Sono da poco passate le otto di sera a Los Angeles quando si spengono le luci al Memorial Sports Arena e Springsteen e compagni prendono il loro posto sul palco. Il Boss sfoggia subito una grinta che nello scorso tour ci era sembrata un po’ “appannata”: è chiaro cosa gli sta a cuore, è chiaro che quello che grida e che mette in scena è puro, sano e sanguigno rock and roll. È chiaro anche qual è l’oggetto da guardare, aggredire ed esorcizzare: la crisi, un tempo duro da vivere, un momento difficile che ha messo in ginocchio buona parte dell’America e che qui in California ha tolto il lavoro a una persona su dieci.
È significativo che l’unico momento di “dialogo” il Boss lo riservi alla richiesta di aiuto per il “Los Angeles Food Bank” (paragonabile al “Banco Alimentare” italiano) a sottolineare – come ha detto in uno dei pochi istanti di pausa nelle quasi tre ore ininterrotte di performance – il bisogno di fare rock e costruire (“To rock the house and to build the house”). Non è musica per dimenticare o per allontanare le pene quella di Springsteen, non è la distrazione la ricetta proposta, anzi. La catarsi avviene guardando, ferendosi, facendosi graffiare il cuore da quello che il Boss ci “racconta”.
Il tema è dettato subito dal deciso incipit di Badlands, incorniciata da un cielo grigio e minaccioso proiettato sullo schermo che fa da orizzonte alla band sul palco. Si procede poi con una trafelata Candy’s Room, seguita da Adam Raised A Cain, Seeds, Johnny 99 e Youngstown che si susseguono in una sequenza mozzafiato, con le chitarre di Lofgren e Springsteen in primo piano.
Non a caso il disco più rappresentato è “Darkness on the Edge of Town” mentre le hit recenti e l’ultimo album vengono lasciati da parte. Springsteen non è qui per promuovere il suo ultimo lavoro (di cui presenta solo Outlaw Pete, Working on a Dream e la bellissima The Wrestler colonna sonora del film omonimo), ma per condurci in un viaggio, per raccontarci attraverso il rock questi tempi difficili.
È appunto un percorso che attraverso Promised Land, Backstreets, Thunder Road – sempre capace di prendermi alla gola e portarmi alle lacrime, anche se questa volta non c’è la pioggia di San Siro per nasconderle – ci regala anche momenti di puro intrattenimento con Raise Your Hand durante la quale Springsteen come di consueto gioca a “pescare” tra i cartelli del pubblico le richieste delle canzoni.

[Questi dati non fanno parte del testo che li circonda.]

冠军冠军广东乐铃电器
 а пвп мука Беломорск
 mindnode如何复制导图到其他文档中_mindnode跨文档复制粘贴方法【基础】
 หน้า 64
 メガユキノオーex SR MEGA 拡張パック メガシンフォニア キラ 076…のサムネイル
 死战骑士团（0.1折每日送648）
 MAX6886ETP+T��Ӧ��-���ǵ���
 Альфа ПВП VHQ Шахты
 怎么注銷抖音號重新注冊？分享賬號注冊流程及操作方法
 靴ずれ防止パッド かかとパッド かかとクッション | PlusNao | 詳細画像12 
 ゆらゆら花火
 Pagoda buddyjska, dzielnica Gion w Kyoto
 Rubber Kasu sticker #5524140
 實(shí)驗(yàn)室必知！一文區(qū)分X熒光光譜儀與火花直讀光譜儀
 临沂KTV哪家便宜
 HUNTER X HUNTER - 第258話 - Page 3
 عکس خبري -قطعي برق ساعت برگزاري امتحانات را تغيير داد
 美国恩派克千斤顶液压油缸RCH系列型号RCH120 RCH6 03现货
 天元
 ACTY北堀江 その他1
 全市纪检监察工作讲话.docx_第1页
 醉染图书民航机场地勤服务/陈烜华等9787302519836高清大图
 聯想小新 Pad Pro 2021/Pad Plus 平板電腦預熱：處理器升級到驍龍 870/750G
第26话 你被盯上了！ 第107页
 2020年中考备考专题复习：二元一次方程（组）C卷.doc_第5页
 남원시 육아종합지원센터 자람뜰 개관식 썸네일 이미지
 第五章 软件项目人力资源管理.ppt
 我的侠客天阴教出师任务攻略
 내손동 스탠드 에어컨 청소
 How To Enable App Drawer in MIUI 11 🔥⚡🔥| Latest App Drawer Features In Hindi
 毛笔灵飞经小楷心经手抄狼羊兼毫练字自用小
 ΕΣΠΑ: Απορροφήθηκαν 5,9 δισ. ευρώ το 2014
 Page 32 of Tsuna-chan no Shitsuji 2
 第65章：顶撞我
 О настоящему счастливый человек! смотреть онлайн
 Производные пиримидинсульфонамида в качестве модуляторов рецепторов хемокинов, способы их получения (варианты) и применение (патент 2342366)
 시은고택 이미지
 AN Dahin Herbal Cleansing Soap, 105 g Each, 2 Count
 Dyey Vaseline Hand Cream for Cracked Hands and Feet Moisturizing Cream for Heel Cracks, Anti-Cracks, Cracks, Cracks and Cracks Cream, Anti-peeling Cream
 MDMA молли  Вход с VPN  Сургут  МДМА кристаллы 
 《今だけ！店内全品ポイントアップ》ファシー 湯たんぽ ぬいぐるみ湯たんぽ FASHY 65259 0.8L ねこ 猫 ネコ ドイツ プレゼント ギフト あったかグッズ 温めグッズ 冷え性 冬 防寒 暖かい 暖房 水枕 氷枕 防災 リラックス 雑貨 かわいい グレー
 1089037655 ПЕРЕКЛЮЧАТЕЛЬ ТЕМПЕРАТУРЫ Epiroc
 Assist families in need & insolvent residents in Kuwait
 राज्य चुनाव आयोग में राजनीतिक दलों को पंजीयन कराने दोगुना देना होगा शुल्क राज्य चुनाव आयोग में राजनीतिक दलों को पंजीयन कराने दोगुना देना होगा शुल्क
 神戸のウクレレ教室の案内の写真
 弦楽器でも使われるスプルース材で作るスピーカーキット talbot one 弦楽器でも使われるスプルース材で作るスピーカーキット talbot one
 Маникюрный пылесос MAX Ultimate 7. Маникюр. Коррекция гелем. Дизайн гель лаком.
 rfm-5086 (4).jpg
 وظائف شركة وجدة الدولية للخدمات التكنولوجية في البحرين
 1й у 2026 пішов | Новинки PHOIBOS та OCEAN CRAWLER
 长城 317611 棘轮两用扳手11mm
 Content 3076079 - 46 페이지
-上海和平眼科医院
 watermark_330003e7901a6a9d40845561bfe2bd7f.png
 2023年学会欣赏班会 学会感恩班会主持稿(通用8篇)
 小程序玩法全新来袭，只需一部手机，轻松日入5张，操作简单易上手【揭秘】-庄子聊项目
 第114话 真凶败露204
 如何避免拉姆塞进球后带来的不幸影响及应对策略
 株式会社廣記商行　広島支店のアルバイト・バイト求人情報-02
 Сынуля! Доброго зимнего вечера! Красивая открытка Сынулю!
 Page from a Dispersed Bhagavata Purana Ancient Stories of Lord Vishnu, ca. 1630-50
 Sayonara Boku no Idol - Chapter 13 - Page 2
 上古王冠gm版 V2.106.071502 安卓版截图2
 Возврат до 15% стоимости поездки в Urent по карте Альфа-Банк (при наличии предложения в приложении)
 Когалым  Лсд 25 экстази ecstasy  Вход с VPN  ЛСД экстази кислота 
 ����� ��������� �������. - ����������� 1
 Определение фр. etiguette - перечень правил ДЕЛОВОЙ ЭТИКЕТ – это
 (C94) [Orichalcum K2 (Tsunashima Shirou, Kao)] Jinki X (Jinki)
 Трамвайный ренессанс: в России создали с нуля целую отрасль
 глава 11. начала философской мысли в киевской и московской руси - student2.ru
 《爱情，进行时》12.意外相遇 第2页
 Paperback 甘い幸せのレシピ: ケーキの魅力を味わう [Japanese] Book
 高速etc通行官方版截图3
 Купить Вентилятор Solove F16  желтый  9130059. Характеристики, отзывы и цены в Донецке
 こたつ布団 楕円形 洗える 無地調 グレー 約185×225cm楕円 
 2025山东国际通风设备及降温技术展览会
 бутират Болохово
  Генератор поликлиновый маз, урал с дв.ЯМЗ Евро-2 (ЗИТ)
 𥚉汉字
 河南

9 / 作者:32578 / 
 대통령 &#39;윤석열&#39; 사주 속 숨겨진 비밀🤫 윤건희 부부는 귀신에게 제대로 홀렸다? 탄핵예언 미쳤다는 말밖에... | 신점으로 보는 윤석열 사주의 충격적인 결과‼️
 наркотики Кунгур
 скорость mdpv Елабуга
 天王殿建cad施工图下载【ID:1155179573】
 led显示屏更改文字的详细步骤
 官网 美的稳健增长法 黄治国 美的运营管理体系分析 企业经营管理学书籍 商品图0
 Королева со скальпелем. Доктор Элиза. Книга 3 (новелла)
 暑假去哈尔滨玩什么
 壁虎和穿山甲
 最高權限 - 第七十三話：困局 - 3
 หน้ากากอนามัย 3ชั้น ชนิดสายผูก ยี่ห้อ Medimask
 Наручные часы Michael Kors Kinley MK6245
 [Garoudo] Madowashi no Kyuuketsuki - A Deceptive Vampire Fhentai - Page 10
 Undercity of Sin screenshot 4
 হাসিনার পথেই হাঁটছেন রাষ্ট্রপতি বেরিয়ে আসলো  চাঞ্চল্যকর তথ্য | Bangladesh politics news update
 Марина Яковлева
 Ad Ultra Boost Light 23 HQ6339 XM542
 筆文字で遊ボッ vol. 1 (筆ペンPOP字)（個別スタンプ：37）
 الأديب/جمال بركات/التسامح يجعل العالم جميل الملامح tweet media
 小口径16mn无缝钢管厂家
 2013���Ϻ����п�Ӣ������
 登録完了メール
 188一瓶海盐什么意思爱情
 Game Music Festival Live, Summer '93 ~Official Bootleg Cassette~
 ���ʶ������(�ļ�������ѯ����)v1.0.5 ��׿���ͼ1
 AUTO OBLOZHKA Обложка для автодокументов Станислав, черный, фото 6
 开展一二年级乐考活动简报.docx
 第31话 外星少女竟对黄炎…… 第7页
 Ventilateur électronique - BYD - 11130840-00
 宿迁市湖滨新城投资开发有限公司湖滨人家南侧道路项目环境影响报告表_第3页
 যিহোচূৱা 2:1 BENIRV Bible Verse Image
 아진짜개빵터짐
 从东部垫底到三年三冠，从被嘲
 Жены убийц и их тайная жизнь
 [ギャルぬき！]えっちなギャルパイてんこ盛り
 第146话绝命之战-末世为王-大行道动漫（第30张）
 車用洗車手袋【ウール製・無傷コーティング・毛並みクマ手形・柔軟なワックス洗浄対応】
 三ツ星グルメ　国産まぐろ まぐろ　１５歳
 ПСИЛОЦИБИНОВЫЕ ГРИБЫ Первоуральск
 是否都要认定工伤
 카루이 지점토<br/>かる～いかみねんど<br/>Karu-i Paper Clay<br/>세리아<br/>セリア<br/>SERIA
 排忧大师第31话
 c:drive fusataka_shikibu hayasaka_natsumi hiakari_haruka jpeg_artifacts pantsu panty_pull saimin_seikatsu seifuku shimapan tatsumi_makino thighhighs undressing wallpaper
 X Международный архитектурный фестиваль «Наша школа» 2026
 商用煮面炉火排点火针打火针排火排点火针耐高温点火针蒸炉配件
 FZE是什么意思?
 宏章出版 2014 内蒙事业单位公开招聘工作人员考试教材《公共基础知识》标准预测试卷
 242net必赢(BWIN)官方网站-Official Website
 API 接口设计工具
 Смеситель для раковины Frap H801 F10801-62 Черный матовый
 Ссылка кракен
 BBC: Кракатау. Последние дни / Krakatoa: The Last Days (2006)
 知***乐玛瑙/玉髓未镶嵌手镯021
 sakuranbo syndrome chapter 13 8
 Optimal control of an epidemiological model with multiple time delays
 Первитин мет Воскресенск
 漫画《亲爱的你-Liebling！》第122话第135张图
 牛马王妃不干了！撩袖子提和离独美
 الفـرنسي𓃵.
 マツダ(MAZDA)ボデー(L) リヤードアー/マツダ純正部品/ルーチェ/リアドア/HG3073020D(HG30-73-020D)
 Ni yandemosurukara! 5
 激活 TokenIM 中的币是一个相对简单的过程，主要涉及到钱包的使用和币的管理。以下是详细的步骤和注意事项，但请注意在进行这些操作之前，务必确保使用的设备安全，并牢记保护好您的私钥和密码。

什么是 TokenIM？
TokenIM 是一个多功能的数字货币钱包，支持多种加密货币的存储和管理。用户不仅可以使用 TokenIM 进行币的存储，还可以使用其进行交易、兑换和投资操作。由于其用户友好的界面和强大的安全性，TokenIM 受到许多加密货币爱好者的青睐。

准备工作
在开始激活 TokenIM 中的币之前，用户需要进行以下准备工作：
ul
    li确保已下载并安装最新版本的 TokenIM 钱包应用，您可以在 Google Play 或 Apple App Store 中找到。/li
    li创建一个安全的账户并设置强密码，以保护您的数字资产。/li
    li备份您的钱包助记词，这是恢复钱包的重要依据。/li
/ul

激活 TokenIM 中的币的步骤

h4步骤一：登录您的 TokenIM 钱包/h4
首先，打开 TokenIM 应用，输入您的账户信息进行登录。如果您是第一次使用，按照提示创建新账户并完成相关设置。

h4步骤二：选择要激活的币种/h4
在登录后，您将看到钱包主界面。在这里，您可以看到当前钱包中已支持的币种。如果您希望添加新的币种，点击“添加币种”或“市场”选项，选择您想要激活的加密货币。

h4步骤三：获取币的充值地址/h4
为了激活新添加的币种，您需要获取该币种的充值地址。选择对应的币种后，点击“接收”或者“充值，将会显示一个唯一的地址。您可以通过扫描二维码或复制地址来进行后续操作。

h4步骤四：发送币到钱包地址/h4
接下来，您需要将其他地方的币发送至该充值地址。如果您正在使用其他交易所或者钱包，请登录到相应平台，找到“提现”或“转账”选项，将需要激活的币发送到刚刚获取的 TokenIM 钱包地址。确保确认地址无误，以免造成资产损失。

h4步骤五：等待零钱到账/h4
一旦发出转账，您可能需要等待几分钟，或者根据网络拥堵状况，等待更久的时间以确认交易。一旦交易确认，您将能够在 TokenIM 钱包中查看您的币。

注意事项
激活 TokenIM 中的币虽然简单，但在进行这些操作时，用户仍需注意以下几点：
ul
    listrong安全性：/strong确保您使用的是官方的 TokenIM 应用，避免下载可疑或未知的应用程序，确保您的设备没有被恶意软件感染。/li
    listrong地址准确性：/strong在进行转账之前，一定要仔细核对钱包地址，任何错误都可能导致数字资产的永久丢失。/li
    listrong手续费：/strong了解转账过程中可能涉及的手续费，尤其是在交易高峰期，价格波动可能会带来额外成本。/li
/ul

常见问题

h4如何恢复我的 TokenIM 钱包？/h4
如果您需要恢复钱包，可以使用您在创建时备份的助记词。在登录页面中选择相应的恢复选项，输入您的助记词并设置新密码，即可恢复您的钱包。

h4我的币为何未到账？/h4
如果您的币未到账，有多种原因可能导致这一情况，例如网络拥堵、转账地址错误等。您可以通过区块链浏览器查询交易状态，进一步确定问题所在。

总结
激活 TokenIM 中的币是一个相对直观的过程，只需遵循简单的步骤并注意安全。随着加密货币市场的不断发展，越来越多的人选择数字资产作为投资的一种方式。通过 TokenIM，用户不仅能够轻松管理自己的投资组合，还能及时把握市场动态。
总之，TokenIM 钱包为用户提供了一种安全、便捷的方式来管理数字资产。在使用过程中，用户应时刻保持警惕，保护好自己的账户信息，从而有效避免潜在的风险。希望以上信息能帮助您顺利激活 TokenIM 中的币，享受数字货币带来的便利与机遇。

Tra questi sceglie Proud Mary e Growing up (mostrando una foto che lo ritraeva poco più che ragazzino a decorare un cartello del pubblico) mentre Mike Ness dei Social Distortion si unisce alla band per una potente esecuzione di Bad Luck. Dopodichè il Boss ritorna al tema principale e lo fa proponendo una canzone di Stephen Foster – Hard Times – chiedendo che questi tempi passino per non tornare più («Oh hard times come again no more») prima di condurci alla fine del cammino dove l’oscurità si dirada, fino alla terra di sogni e di speranze (Land of Hope and Dreams) che, assieme a American Land e a Glory Days, chiude la serata.